Is China wrestling with an identity crisis of economic proportions?
On one hand China is encouraging economic prosperity, while on the other, it is trying to temper any appearances of wealth.
Beijing has moved to ban outdoor advertising or billboards that promotes hedonistic or high-end lifestyles over concerns that these prominent ads remind people of the country’s widening wealth gap.
The Beijing Administration for Industry and Commerce has issued an mandate for businesses to remove words such as “luxury”, “royal”, “supreme” and “high class” from billboards, or face a 30,000 yuan ($4,600) fine by April 15.
It also prohibits excessive promoting of “foreign” things. The agency gave no details on what the “foreign” things were, but indicated that such promotions help create a politically “unhealthy” climate.
It is presumed that these advertisements encourage people to aspire to a “foreign” lifestyle. Many wealthy Chinese openly display their foreign designer clothes and handbags, drive German luxury cars and drink French wine.
The southwestern city of Chongqing also issued a similar mandate last week, banning real estate advertisements using phrases including “best”, “unique” or “irreplaceable”.
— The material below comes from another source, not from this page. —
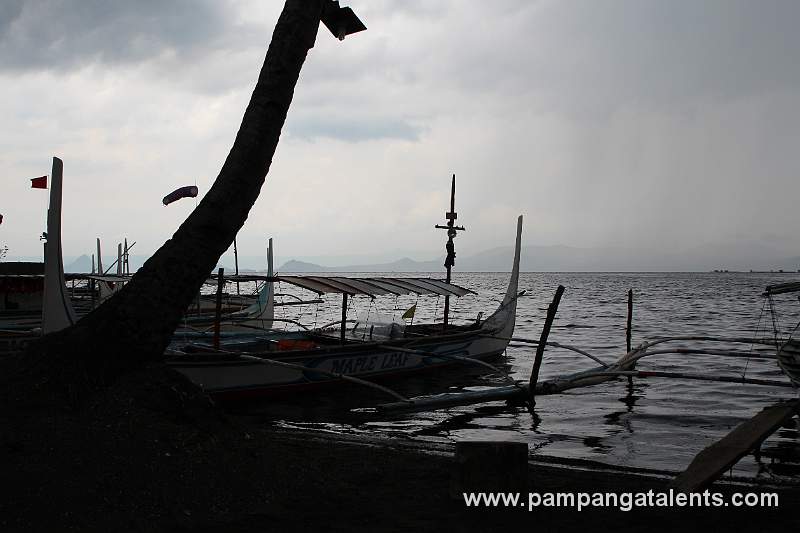 Cloudy Afternoon at Taal Lake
The Chinese government is struggling to deal with the serious threat of China’s wealth gap. High inflation has put tremendous pressure on the millions of China’s poor farmers and workers. The average income in a Chinese city is more than three times of someone living in the rural areas.
Premier Wen Jiabao stated that “resolving unfair income distribution” would be a priority for the country under its 5-year state economic plan.
With all these limitations on luxury advertising, will storefronts now become even more important for brand building in China?